Baharın gelmesiyle birlikte doğa canlanmaya başlaR. Bu aylarda çimen, ot, çiçek ve ağaçların çiçek açmaları ile birlikte polenler atmosfere yayılırlar sonunda ağız, burun, göz ve ciğerlerimize kadar ulaşırlar. Özellikle rüzgârlı havalardan sonra polenler havaya daha çok dağıldığı için şikâyetler artar. Bazı insanlar mevsim değişikliğinin farkına varmazken, bazılarında baharla birlikte hapşırık, burun – göz akıntıları yani bahar alerjisi şikâyetleri başlıyor.

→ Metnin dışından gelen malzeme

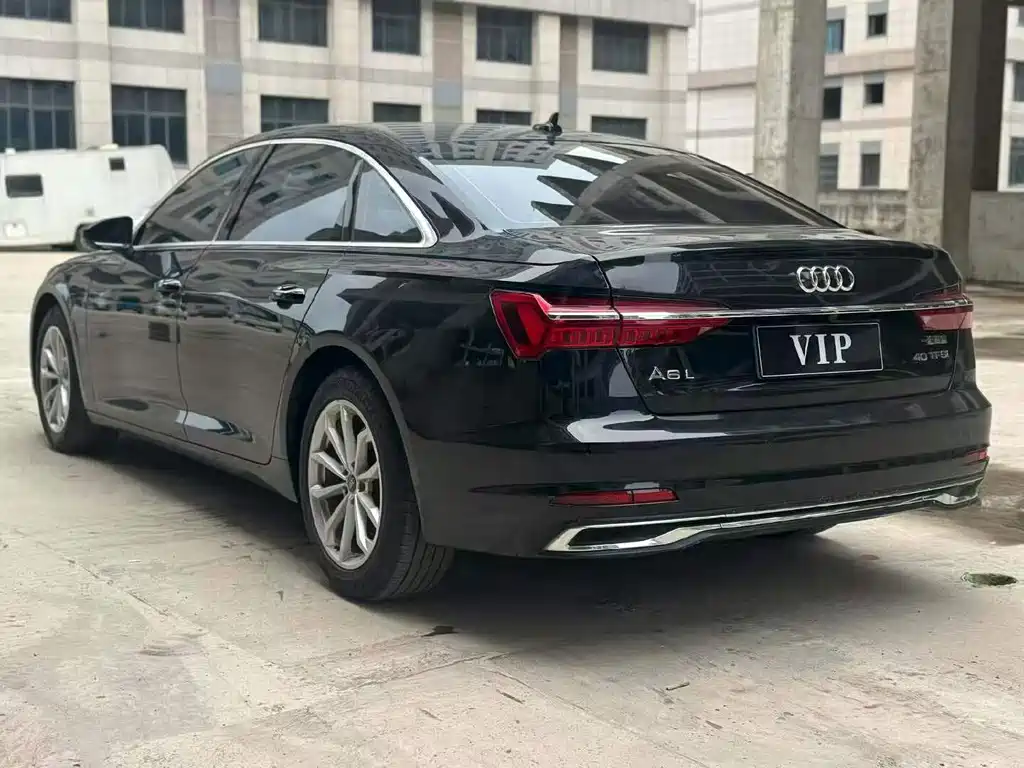 Audi A6L 2023 — фото 9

Alerjenler (polen, küf, toz, hayvan tüyü, akarlar vb) hedef organlarda (burun ve gözlerde) bir takım biyokimyasal reaksiyonlara, salgılara neden olurlar. Bu da vücutta genel kaşıntı, gözlerde yaşarma, kızarıklık, burunda tıkanıklık ve akıntı, akciğerde ise sekresyon artışı, öksürük, hırıltı vb. neden olur. Havadaki polenler soluma yoluyla vücuda yerleşir. Alerjik rinit ağır bir hastalık olmamasına rağmen kişiyi son derece rahatsız edebilir; uykuyu, yemek yeme ve yaşam şeklini olumsuz etkiler; okul ve işgücü kaybına yol açar.

İstanbul Times Haber Merkezi

Genellikle 2 yaşından sonra ortaya çıkmaktadır. Çünkü alerji gelişebilmesi için en az iki bahar mevsimi ile karşılaşılması gerekir. 2 yaş altında bahar alerjisi gelişme risk çok düşüktür.Bahar alerjisi gözde, burunda ve akciğerde ve ciltte hasarlar oluşturmaktadır. Bu nedenle burun, göz ve akciğerler aşırı hassastır.Bahar alerjisi olan çocuklar kokulara aşırı hassas oldukları için çamaşırların parfümsüz deterjanla yıkanması ve ev temizliğinde kokusun ürünlerin kullanılması önemlidir.Bahar alerjisi yorgunluk yapar ve okul başarısını etkiler. Bahar alerjisi olan çocukların genellikle burunları tıkalı olduğu için uyku kaliteleri de bozulur. İyi bir uyku alamayan çocuklar ise gün boyu kendilerini yorgun ve halsiz hisseder. Bu da okul başarısını ciddi bir şekilde etkilemektedir. Ayrıca başağrısı, burun kanaması, konsantrasyon bozuklukları,, yaşam kalitesinde bozulma,huysuzluk, ruhsal bozuklukların çıkmasına neden olacaktır.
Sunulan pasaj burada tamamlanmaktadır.